Boards are designed to keep watch over companies but also to engage at a much deeper level. To test whether you have enough resolve, ask yourself if you would have challenged Enron’s high-risk accounting practices, or the independence of directors perhaps compromised by financial ties. 

Boards need to manage their social architecture

While agreed action is a key objective for board meetings, it doesn’t always happen. Real opinions can be hard to unpick – particularly when directors wait to hear other members’ views before offering commitment. Arguably, too many CEOs have been under-challenged by their boards. Think of RBS, VW and Enron. 

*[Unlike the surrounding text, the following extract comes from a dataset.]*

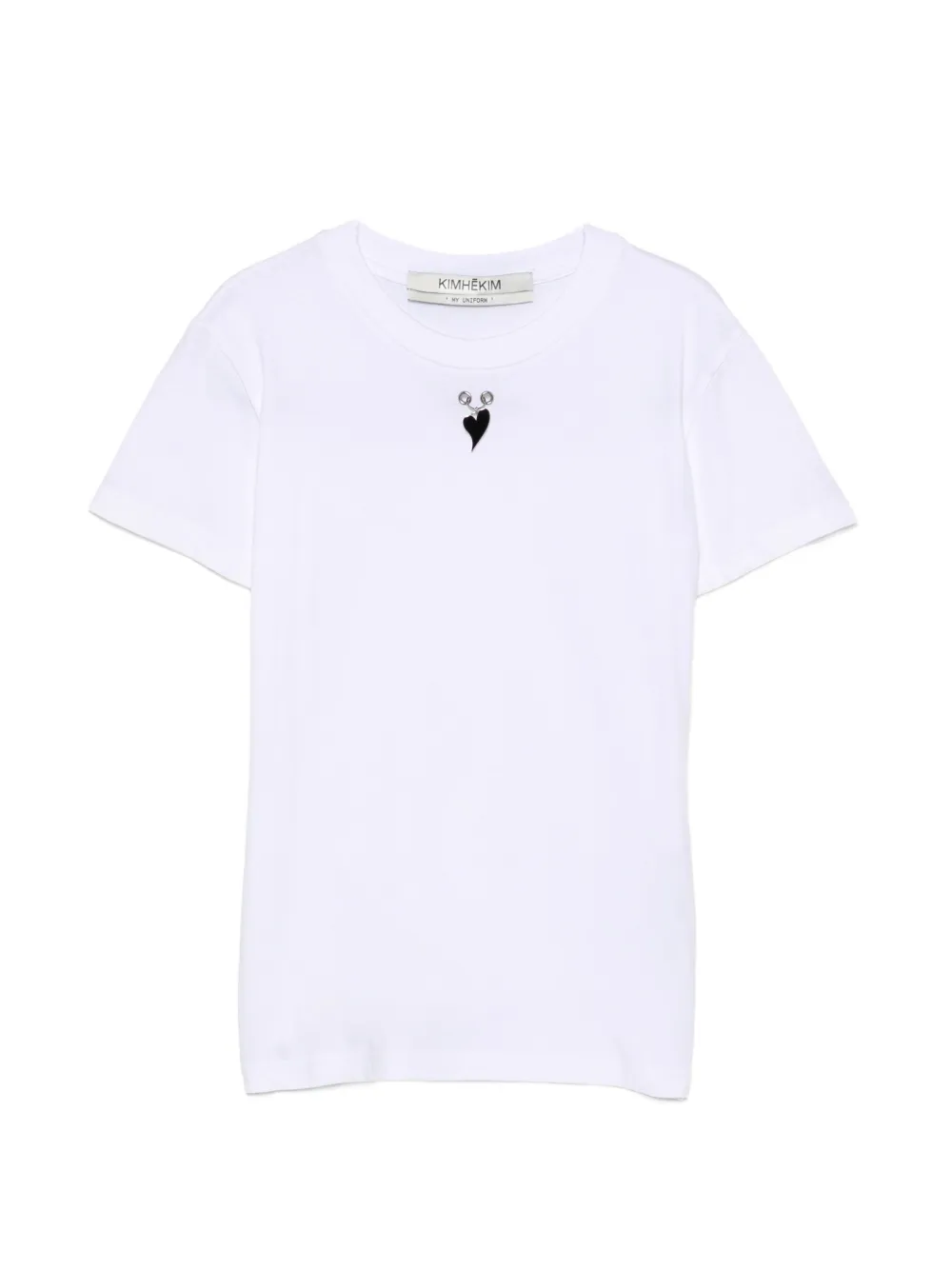 Kimhekim heart-charm T-shirt - Bianco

“Boards need to balance sociability and solidarity,” says Professor Goffee. Sociability is the degree to which people are friendly and compassionate. Sociable board members help each other because they want to. Solidarity, on the other hand, is concerned with “the head rather than the heart”. Members are acutely aware of their shared purpose – and shared interests. They help each other whether they like each other or not. 

A board with good social architecture stops short at the cosy club unwilling to challenge (too much sociability) and at the group excessively focused on goals and oppressive measures (too much solidarity). 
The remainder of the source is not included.